Industri asuransi global mengalami guncangan hebat sepanjang tahun 2024 akibat cuaca ekstrem yang semakin tak terkendali. Laporan WTW menunjukkan kerugian ekonomi akibat bencana cuaca mencapai lebih dari US$20 miliar (sekitar Rp328 triliun), namun hanya US$2 hingga US$3 miliar yang dapat diklaim melalui asuransi. Celah yang signifikan ini menggarisbawahi kebutuhan mendesak akan peningkatan perlindungan asuransi.
Musim topan 2024 di Pasifik Utara mencatat 23 badai tropis, dengan 15 menjadi topan dan 9 berintensitas tinggi. Meskipun jumlahnya sedikit di bawah rata-rata, kerusakan yang ditimbulkan jauh lebih besar karena intensitas dan lokasi pendaratan badai. Topan Yagi, misalnya, menimbulkan kerugian ekonomi hingga US$15 miliar di Asia Tenggara, dengan hanya US$1 miliar yang tercover asuransi.
Rendahnya penetrasi asuransi di beberapa wilayah Asia menjadi masalah utama. Wilayah China Selatan dan Vietnam, yang dilanda Topan Yagi dengan kecepatan hingga 160 mph, sangat rentan karena minimnya perlindungan asuransi. Begitu pula di Jepang, Topan Shanshan mengakibatkan kerusakan besar, namun klaim asuransi tetap rendah karena kurangnya eksposur perlindungan.
Dampak Cuaca Ekstrem terhadap Industri Asuransi
Filipina juga mengalami dampak signifikan dengan enam badai dalam 30 hari, mempengaruhi lebih dari 13 juta penduduk dan menyebabkan kerugian US$500 juta. Minimnya kepemilikan asuransi di negara-negara tersebut semakin memperparah dampak ekonomi dan sosial dari bencana alam.
Gap perlindungan asuransi di Asia semakin lebar, sementara ancaman cuaca ekstrem terus meningkat.
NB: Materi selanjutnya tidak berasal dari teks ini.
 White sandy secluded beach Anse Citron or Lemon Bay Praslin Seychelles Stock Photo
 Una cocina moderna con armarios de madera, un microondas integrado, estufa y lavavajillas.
Industri asuransi perlu beradaptasi dengan cepat untuk menutup celah ini, melalui perluasan jangkauan, peningkatan edukasi publik, dan kolaborasi yang lebih kuat antara pemerintah, sektor swasta, dan masyarakat.
Salah satu strategi yang krusial adalah pengembangan produk asuransi yang lebih terjangkau dan relevan dengan kebutuhan masyarakat di berbagai tingkat ekonomi. Penting juga untuk meningkatkan literasi keuangan, sehingga masyarakat lebih memahami pentingnya asuransi dan manfaatnya dalam menghadapi risiko bencana alam.
Dampak di Indonesia: Anjloknya Laba Asuransi Umum
Indonesia juga merasakan dampak negatif dari cuaca ekstrem dan peningkatan klaim asuransi. Industri asuransi umum mengalami penurunan laba yang signifikan pada tahun 2024. Laba setelah pajak anjlok dari Rp7,80 triliun pada tahun 2023 menjadi rugi Rp10,14 triliun pada tahun 2024, penurunan sebesar 197,8 persen.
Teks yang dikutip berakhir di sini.